Despite all those consequences of increased level of lipids and glucose during pregnancy period and the availability of automated analysers in general and specialized hospitals, little attention is being given to measuring and monitoring of the most common and important lipids of pregnant women starting the early period of their antenatal care follow up in Tigrai, northern Ethiopia. To the best of our knowledge as healthcare providers, studies which evaluate lipids during pregnancy periods have never been done in Tigrai. Therefore, this study which used automated, internally and externally quality controlled chemistry analyzers, was proposed to assess the level and associated factors of lipids and blood glucose levels among pregnant women attending antenatal care services in two largest hospitals of Tigrai, Northern Ethiopia.

Methods and materials

Study design, study area and period

We conducted a facility-based cross-sectional study from July to October, 2021 in two government hospitals of Northern Ethiopia, namely: Ayder Comprehensive Specialized hospital and Mekelle general hospital.

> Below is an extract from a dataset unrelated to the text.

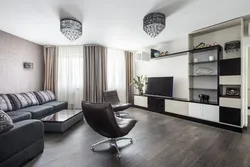 Living room with a wall in the interior and a sofa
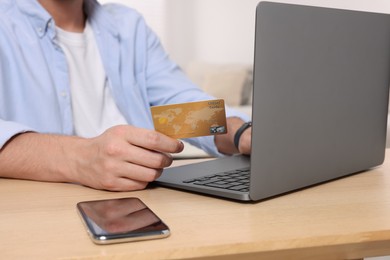 Man with credit card using laptop for online shopping at wooden table indoors, closeup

Ayder Comprehensive Specialized hospital is the biggest hospital in Northern Ethiopia and the second biggest in Ethiopia. The annual service delivery capacity of the hospital has exceeded 300,000 patients of which 5,000 were mothers who received childbirth services. Mekelle general hospital is the biggest of the sixteen general hospitals in Tigrai, Northern Ethiopia. The hospital currently serves patients referred from other general hospitals of Tigrai, in addition to its catchment area. The Ethiopian healthcare system is composed of three tier system. These are 1) Tertiary level healthcare which includes specialized hospital, 2) Secondary level healthcare which includes General hospitals and 3) Primary level healthcare which includes health centers only in urban areas and primary hospital, health center and health post in rural areas [27].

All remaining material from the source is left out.